◆ TASK INSTRUCTIONS
Reproduce the lines below from the one that contains "DIY Landscape Embroidery" through the end, inclusive, and add nothing.

(Web page caption snippets)
--

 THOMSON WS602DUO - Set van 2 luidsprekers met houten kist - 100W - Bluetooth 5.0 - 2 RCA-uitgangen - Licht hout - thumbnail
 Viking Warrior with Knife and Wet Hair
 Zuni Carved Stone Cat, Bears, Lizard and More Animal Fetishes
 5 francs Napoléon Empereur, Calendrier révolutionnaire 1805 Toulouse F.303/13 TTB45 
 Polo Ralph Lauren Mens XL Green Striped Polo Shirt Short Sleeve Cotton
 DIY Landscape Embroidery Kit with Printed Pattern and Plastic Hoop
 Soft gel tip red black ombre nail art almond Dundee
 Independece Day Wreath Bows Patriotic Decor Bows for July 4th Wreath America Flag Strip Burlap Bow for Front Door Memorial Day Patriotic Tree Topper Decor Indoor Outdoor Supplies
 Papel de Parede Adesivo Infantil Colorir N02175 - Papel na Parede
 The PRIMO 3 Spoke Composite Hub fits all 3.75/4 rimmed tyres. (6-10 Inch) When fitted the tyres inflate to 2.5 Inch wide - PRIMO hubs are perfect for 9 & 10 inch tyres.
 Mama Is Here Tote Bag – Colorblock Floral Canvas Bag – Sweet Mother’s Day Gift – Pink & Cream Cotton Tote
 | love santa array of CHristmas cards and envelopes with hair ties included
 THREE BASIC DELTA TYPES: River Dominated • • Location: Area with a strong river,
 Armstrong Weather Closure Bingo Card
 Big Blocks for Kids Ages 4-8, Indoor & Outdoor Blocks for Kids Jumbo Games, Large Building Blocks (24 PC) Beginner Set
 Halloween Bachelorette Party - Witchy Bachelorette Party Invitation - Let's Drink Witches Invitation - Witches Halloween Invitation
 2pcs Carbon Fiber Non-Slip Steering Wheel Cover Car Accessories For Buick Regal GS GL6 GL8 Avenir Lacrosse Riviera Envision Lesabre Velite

--

◆ RESPONSE TO THE TASK
 DIY Landscape Embroidery Kit with Printed Pattern and Plastic Hoop
 Soft gel tip red black ombre nail art almond Dundee
 Independece Day Wreath Bows Patriotic Decor Bows for July 4th Wreath America Flag Strip Burlap Bow for Front Door Memorial Day Patriotic Tree Topper Decor Indoor Outdoor Supplies
 Papel de Parede Adesivo Infantil Colorir N02175 - Papel na Parede
 The PRIMO 3 Spoke Composite Hub fits all 3.75/4 rimmed tyres. (6-10 Inch) When fitted the tyres inflate to 2.5 Inch wide - PRIMO hubs are perfect for 9 & 10 inch tyres.
 Mama Is Here Tote Bag – Colorblock Floral Canvas Bag – Sweet Mother’s Day Gift – Pink & Cream Cotton Tote
 | love santa array of CHristmas cards and envelopes with hair ties included
 THREE BASIC DELTA TYPES: River Dominated • • Location: Area with a strong river,
 Armstrong Weather Closure Bingo Card
 Big Blocks for Kids Ages 4-8, Indoor & Outdoor Blocks for Kids Jumbo Games, Large Building Blocks (24 PC) Beginner Set
 Halloween Bachelorette Party - Witchy Bachelorette Party Invitation - Let's Drink Witches Invitation - Witches Halloween Invitation
 2pcs Carbon Fiber Non-Slip Steering Wheel Cover Car Accessories For Buick Regal GS GL6 GL8 Avenir Lacrosse Riviera Envision Lesabre Velite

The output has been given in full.